---------- Information
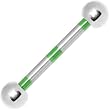 Silver Green Striped Titanium Barbell Eyebrow Ring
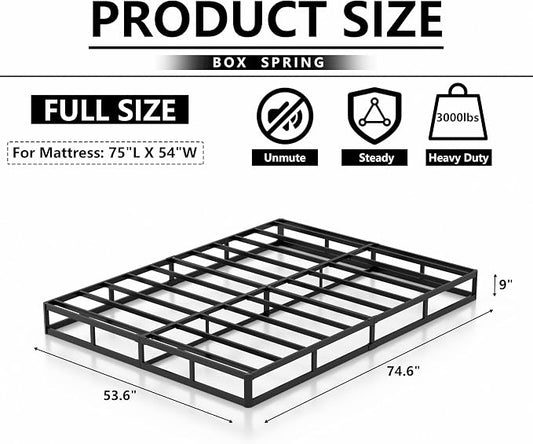 NHODIR High Profile Box Spring Full, 9 Inch Heavy Duty Metal Bed Base, Upholstered Fabric Foundation with Easy Assembly, Noise-Free Support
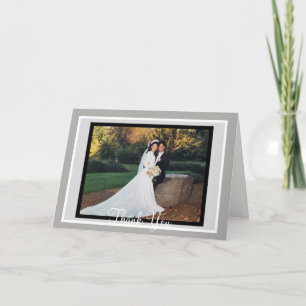Foto Negra Branca de Casamento Obrigado Cartões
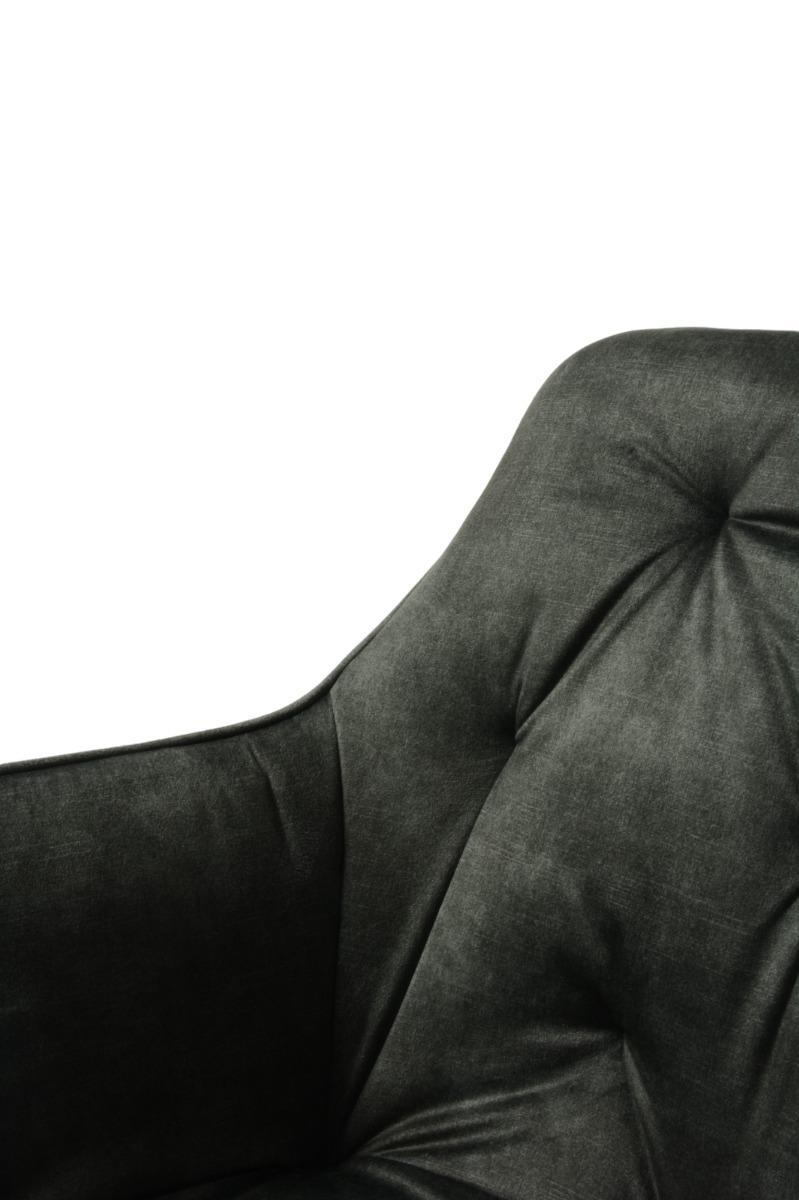 Krzesło Houston 57x85x59 cm pikowane tapicerowane welur zielony nogi czarne do jadalni salonu nr. 3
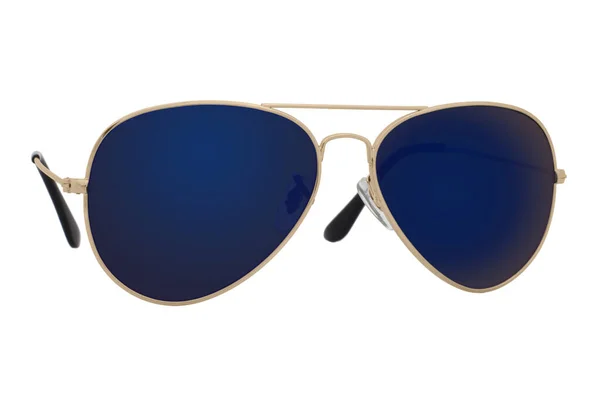 Sunglasses Silver Frame Blue Lens Isolated White Background — Stock Photo, Image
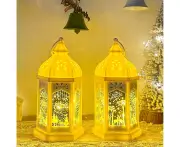 Pack of 2 Christmas Decoration Lantern, Christmas Lantern, Christmas Fairy Lights, Warm White LED , Christmas Decoration, Illuminated Lantern, Battery Op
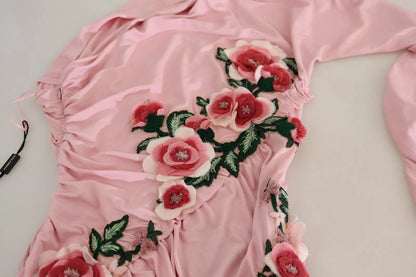 Dolce &amp; Gabbana Pink Flower Embellished One Shoulder Dress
--------------------
What is expected ->
Apart from the images, the entries above must be returned without alteration.

Task solution ->
 Silver Green Striped Titanium Barbell Eyebrow Ring
 NHODIR High Profile Box Spring Full, 9 Inch Heavy Duty Metal Bed Base, Upholstered Fabric Foundation with Easy Assembly, Noise-Free Support
Foto Negra Branca de Casamento Obrigado Cartões
 Krzesło Houston 57x85x59 cm pikowane tapicerowane welur zielony nogi czarne do jadalni salonu nr. 3
 Sunglasses Silver Frame Blue Lens Isolated White Background — Stock Photo, Image
 Pack of 2 Christmas Decoration Lantern, Christmas Lantern, Christmas Fairy Lights, Warm White LED , Christmas Decoration, Illuminated Lantern, Battery Op
 Dolce &amp; Gabbana Pink Flower Embellished One Shoulder Dress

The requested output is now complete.